# Spurs 2008/2009 Schedule



## FreeMason Jr. (Jul 12, 2004)

http://www.nba.com/spurs/schedule/

Notable Games:
Spurs open the season hosting Phoenix on October 29th, play in Phoenix on christmas day, and end the season April 15th by hoting New Orleans. That game especially should prove crucial in deciding the seedings.

The rodeo road trip:

Mon 02 @ Golden State 9:30pm 
Tue 03 @ Denver 8:00pm 
Sun 08 @ Boston 12:00pm 
Tue 10 @ New Jersey 6:30pm 
Wed 11 @ Toronto 6:00pm 
Tue 17 @ New York 6:30pm 
Thu 19 @ Detroit 7:00pm 
Sat 21 @ Washington 6:00pm

Looks like another tough run this year for the annual rodeo road trip. Boston, Detroit, and Washington will all be tough. Denver and Toronto aren't necessarily pushovers either.

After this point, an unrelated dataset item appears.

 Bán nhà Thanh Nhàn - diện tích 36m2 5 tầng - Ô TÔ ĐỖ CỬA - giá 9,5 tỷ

Know what's even worst though? This is our schedule right before the road trip:

Sun 25 @ LA Lakers 2:30pm 
Tue 27 @ Utah 8:00pm 
Thu 29 @ Phoenix 9:30pm 
Sat 31 vs New Orleans 7:30pm

So it's basically 11 road games and 1 home game in a span of just under a month. And if that wasn't bad enough, look who we're playing against: LAL, Utah, and Phoenix! And our one home game: New Orleans! This is pretty ridiculous...


----------